┌──
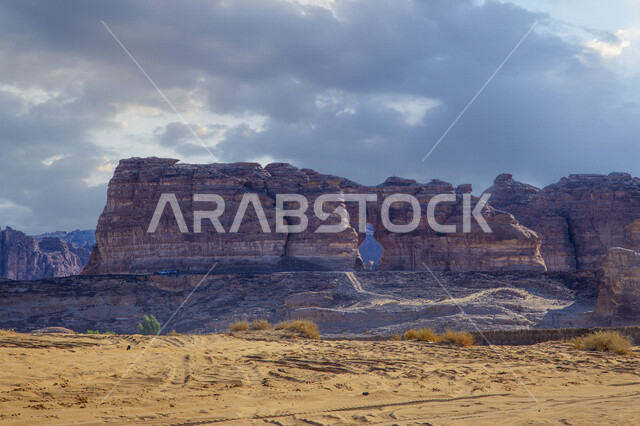 التكوينات والتشكيلات الصخرية الطبيعية في مدينة العلا بالمملكة العربية السعودية، المعالم التاريخية الأثرية السياحية، جمال الطبيعة الصحراوية، الجبال الصخرية في محافظة العلا، السياحة في السعودية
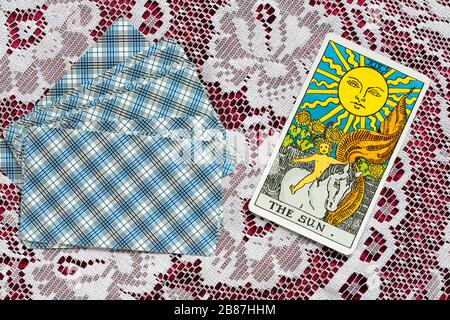 Cartes Rider Tarot conçues par Pamela Colman Smith sous la supervision d'Arthur Edward Waite sur un tissu avec la carte Sun tarot tournée Banque D'Images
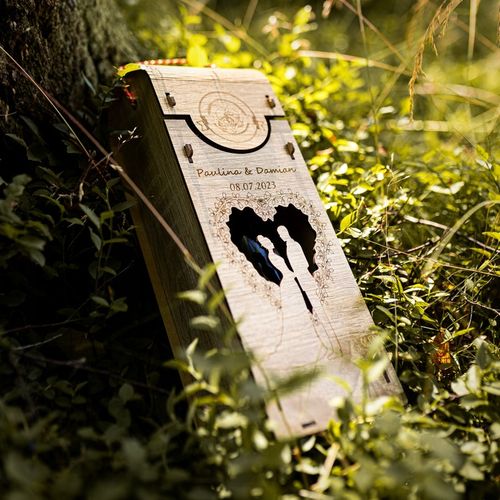 DREWNIANE PUDEŁKO NA WINO ŚLUB SKRZYNIA Z GRAWEREM PREZENT WESELE na Arena.pl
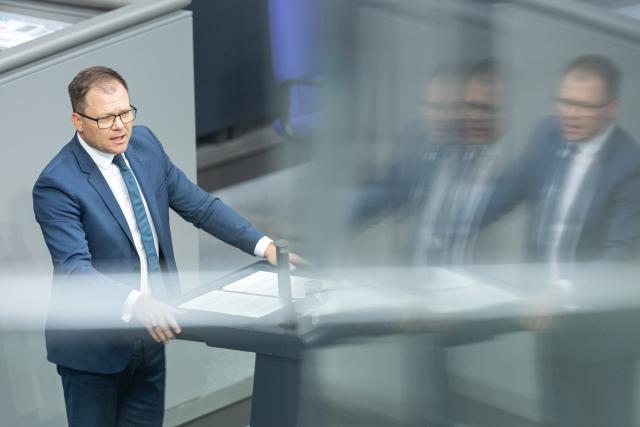 23 May 2025, Berlin: Carsten Schneider, German Minister for the Environment, Climate Protection, Nature Conservation and Nuclear Safety, speaks during the 8th plenary session of the German Parliament (Bundestag). Photo: Hannes P. Albert/dpa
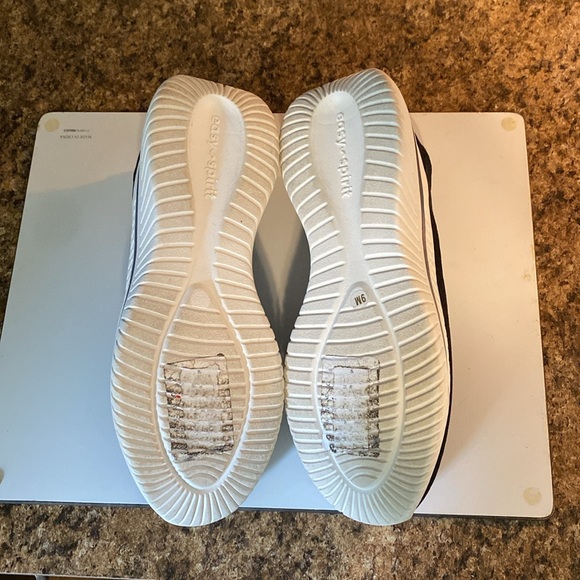 Easy Spirit Golda Sneakers - Picture 6 of 7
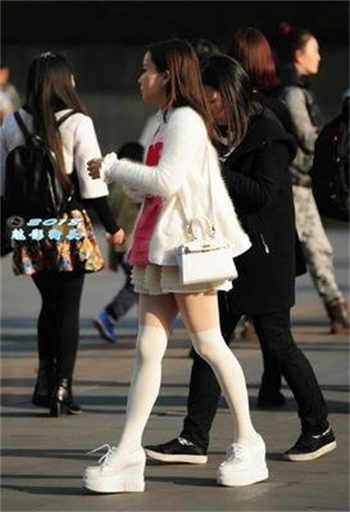 强迫服臣西无罪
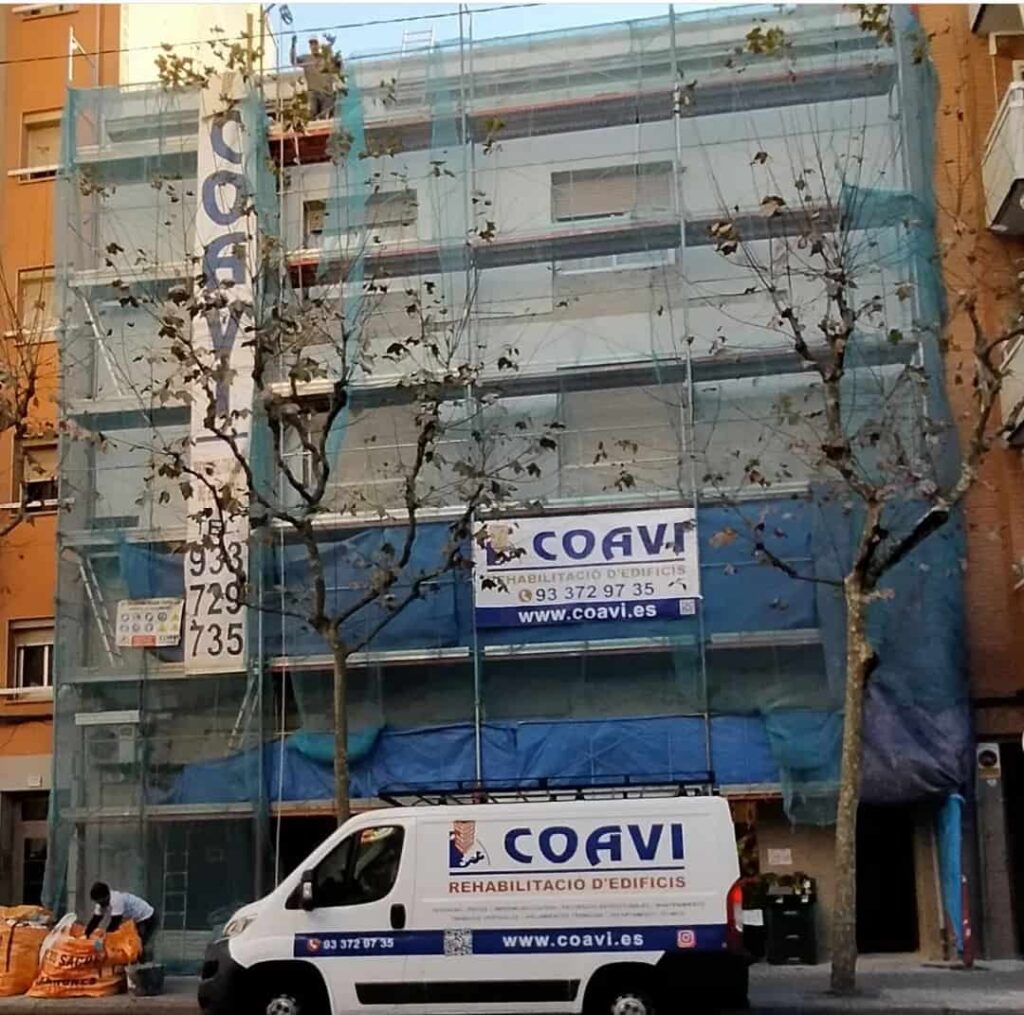 rehabilitación-de-edificios-barcelona-andamios-pisos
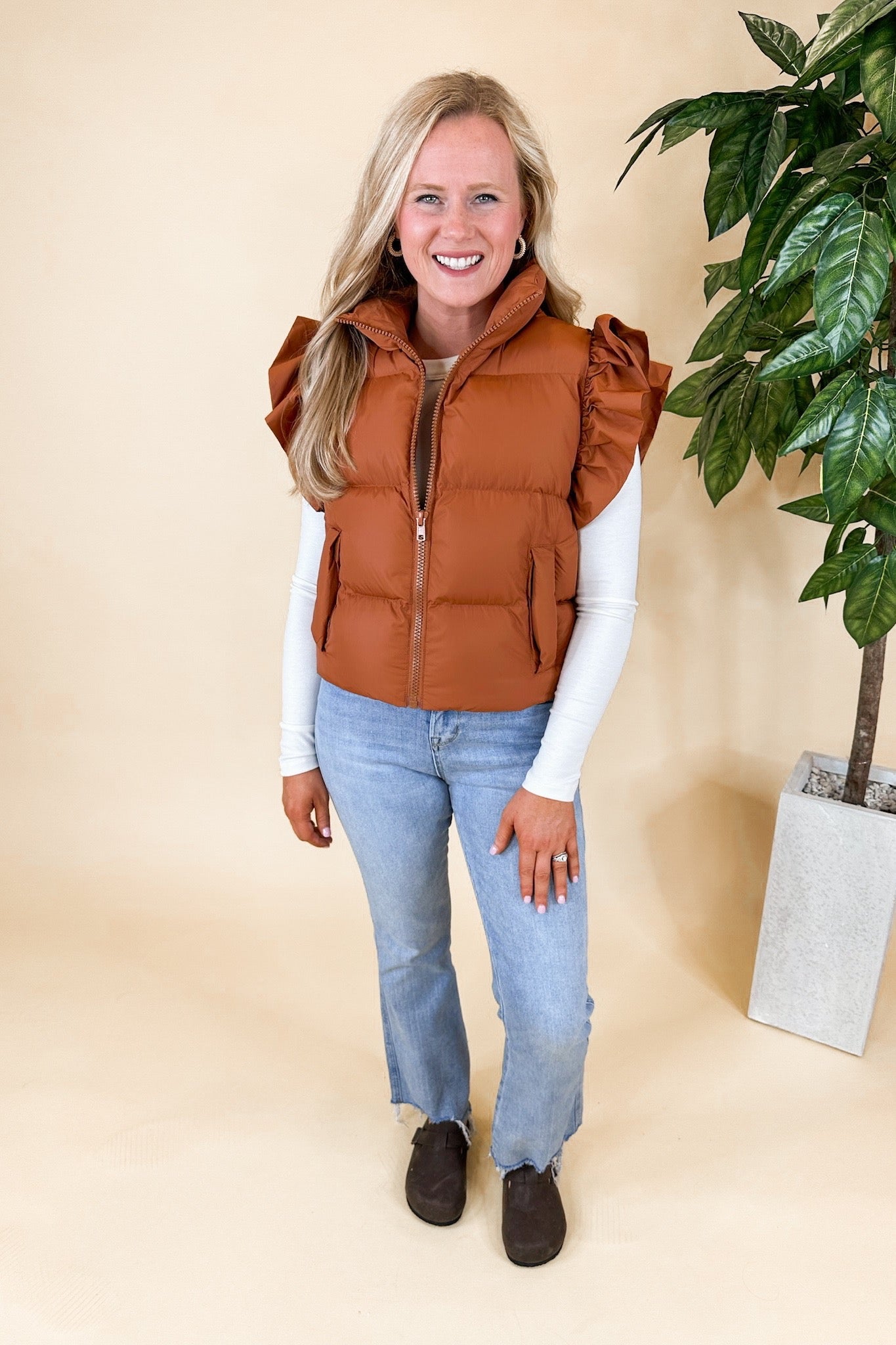 Cropped Pocketed Ruffle Sleeve Zip Up Puffer Vest in Rust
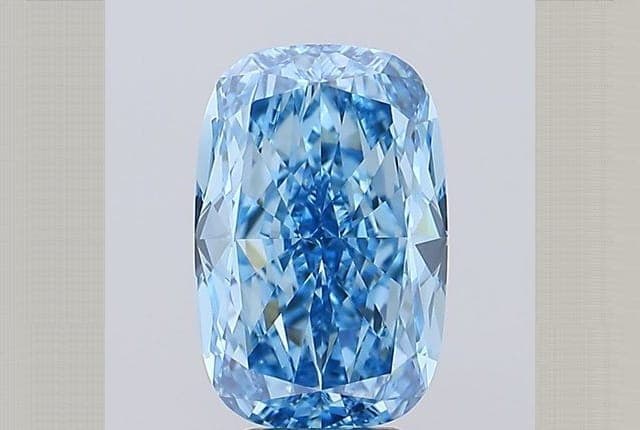 IGI | 4.92ct | Cushion | FANCY | VVS2 | Very Good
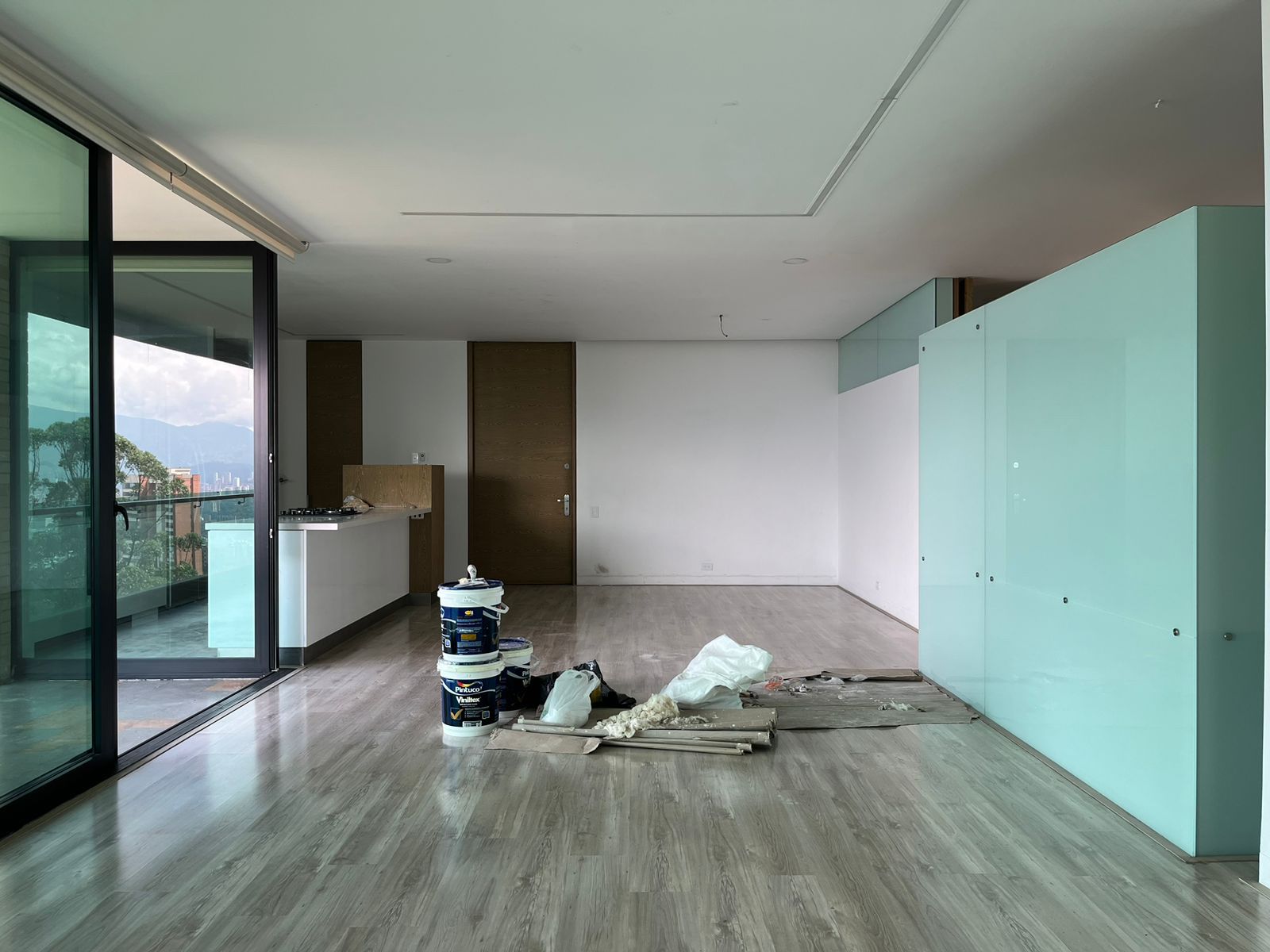 Apartamento en arriendo Antioquia Medellín San Lucas 182 m2 Habitaciones 3 Baños 4 Garajes 2 Precio $12000000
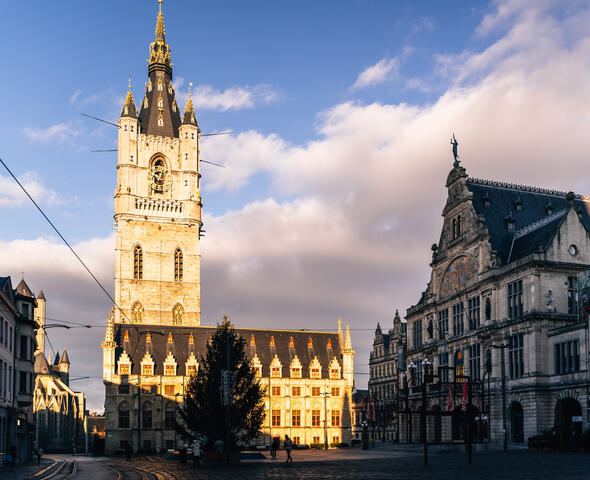 Campanario bajo la luz del sol invernal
└──
What to do. Write out, exactly and with no pictures, the lines of the data from the first through the line containing "Cartes Rider Tarot".

Output below.
 التكوينات والتشكيلات الصخرية الطبيعية في مدينة العلا بالمملكة العربية السعودية، المعالم التاريخية الأثرية السياحية، جمال الطبيعة الصحراوية، الجبال الصخرية في محافظة العلا، السياحة في السعودية
 Cartes Rider Tarot conçues par Pamela Colman Smith sous la supervision d'Arthur Edward Waite sur un tissu avec la carte Sun tarot tournée Banque D'Images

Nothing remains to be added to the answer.